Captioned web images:
▼

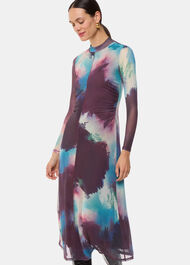 Oil Paint Print Mesh Dress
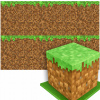 CUKROVÝ VÝTLAČOK OBLÁTOK CUKROVÁ HMOTA PIXELY TRÁVA NA BOK TORTY OKRAJ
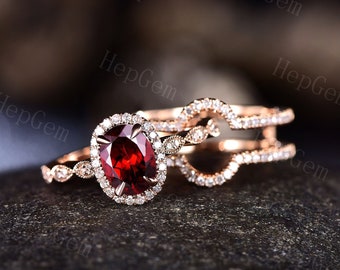 Garnet ring vintage unique oval Garnet engagement ring set rose gold halo diamond ring for women marquise milgrain wedding ring set band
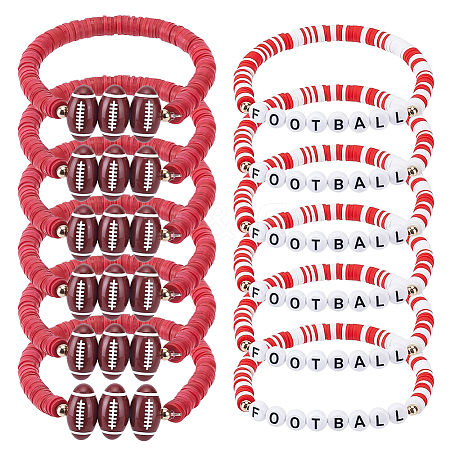 32Pcs 2 Style Handmade Polymer Clay & Acrylic Bead Bracelets BJEW-PH02016-1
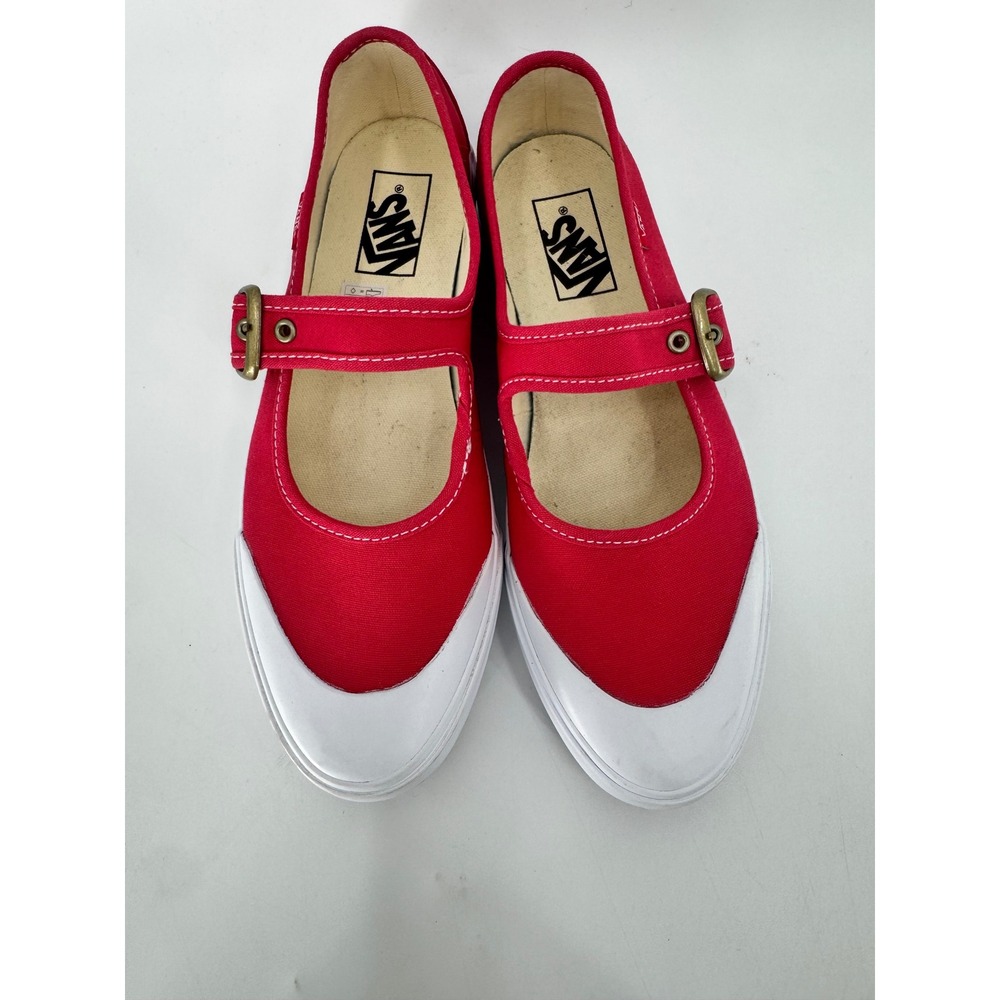 Vans Mary Jane Shoes Women 8.5 Red Canvas Buckle Strap Sneakers - Picture 9 of 16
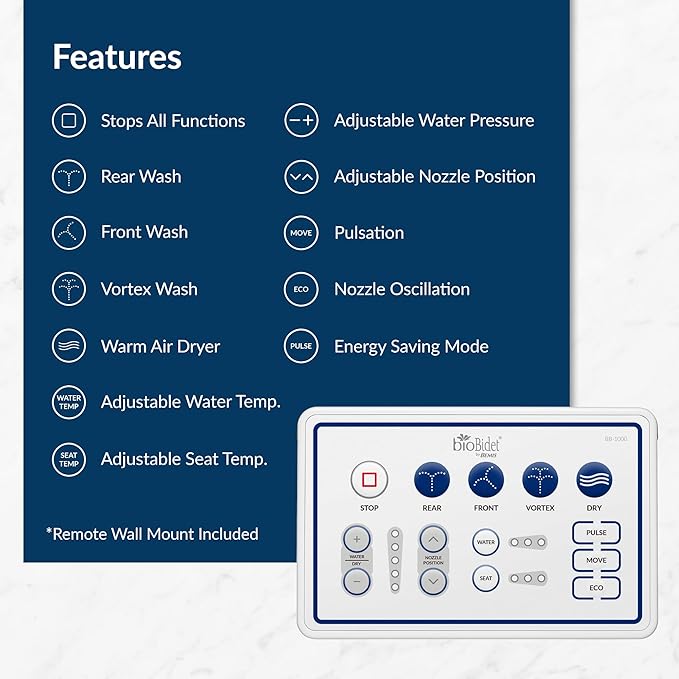 Bio Bidet Bliss BB1000 Warm Water Bidet Seat, Air Dryer, Heated Seat with Slow Close Lid, Remote Control, Round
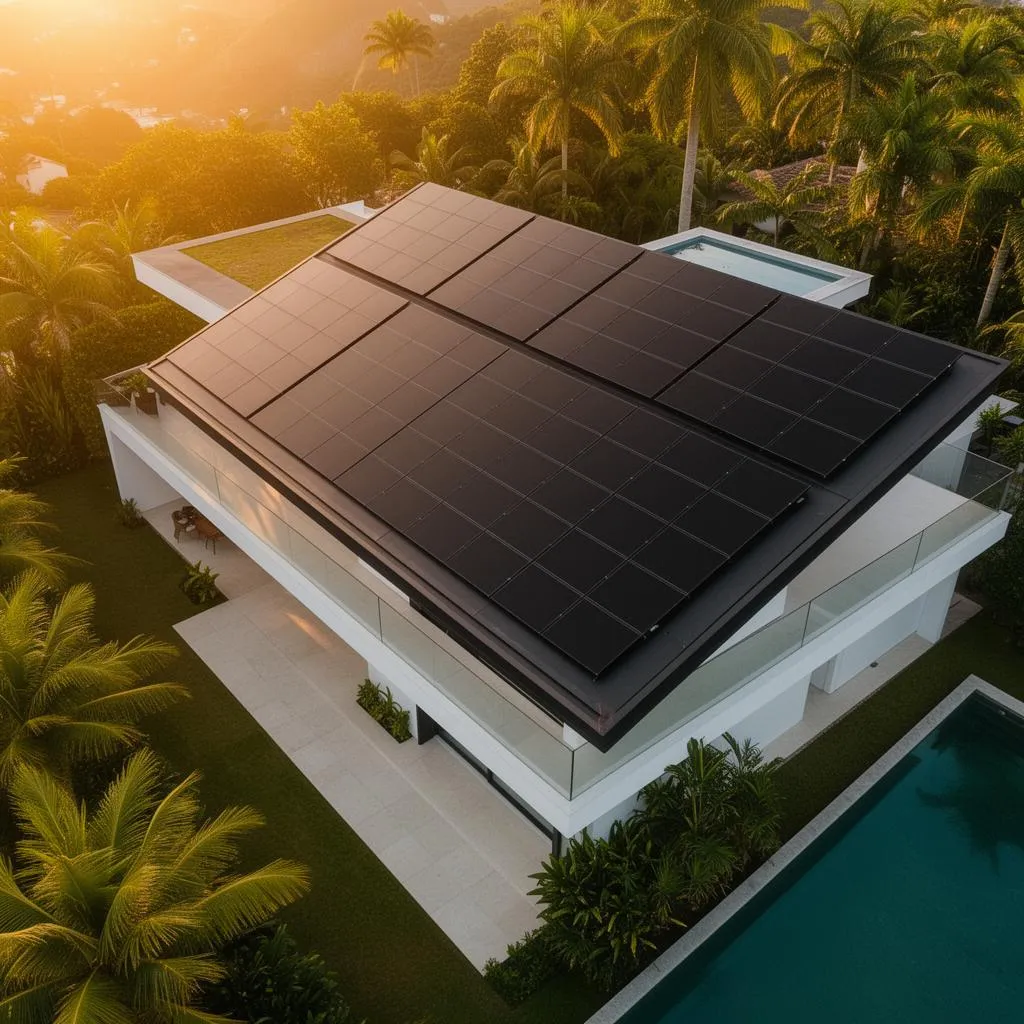 Residência com sistema de energia solar instalado pela Solrio Energia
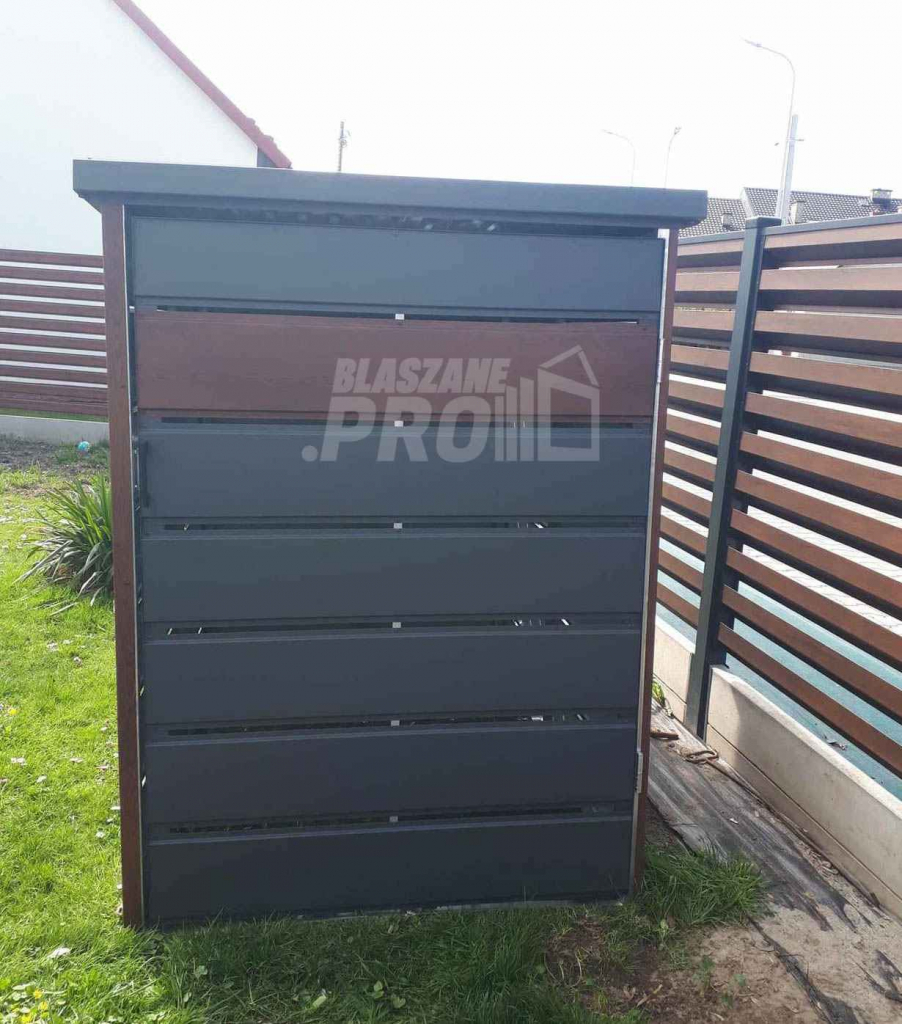 Wiata śmietnikowa spad tył1,3x2m zielona drewno Schowek ogrodowy GP291 Bełchatów - zdjęcie 2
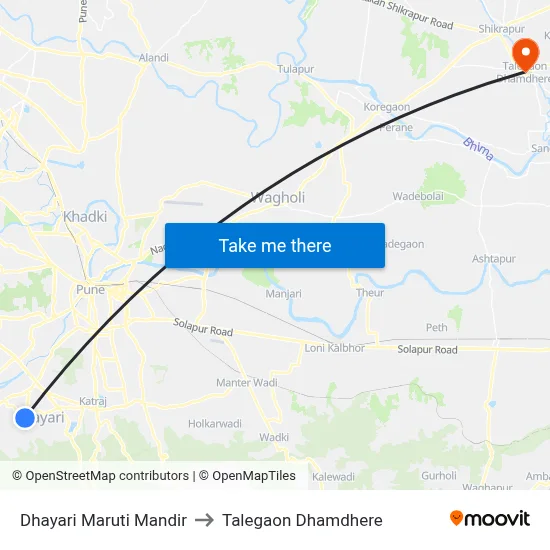 धायरी मारुति मंदिर to तालेगाव धामधेरे map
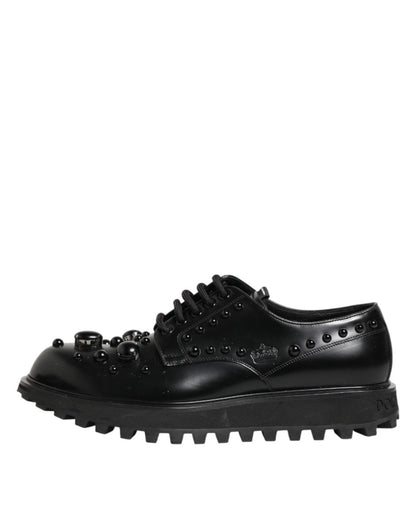 Dolce & Gabbana Black Leather Studded Men Formal Derby Shoes - The Gentlemen's Vault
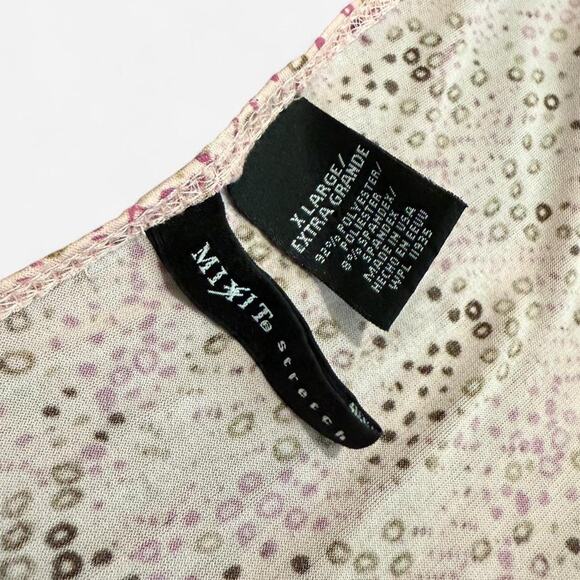 Mix It Pink & Brown Dotted Bubbly Pattern Cowl Neck Ruched Form Fitting Top XL - Picture 8 of 8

▲

Exercise goal: Your reply should hold only the lines from the one that contains "Residência com sistema" through the last line of the records above, exact and complete, and no pictures.

Output of the exercise:
 Residência com sistema de energia solar instalado pela Solrio Energia
 Wiata śmietnikowa spad tył1,3x2m zielona drewno Schowek ogrodowy GP291 Bełchatów - zdjęcie 2
 धायरी मारुति मंदिर to तालेगाव धामधेरे map
 Dolce & Gabbana Black Leather Studded Men Formal Derby Shoes - The Gentlemen's Vault
 Mix It Pink & Brown Dotted Bubbly Pattern Cowl Neck Ruched Form Fitting Top XL - Picture 8 of 8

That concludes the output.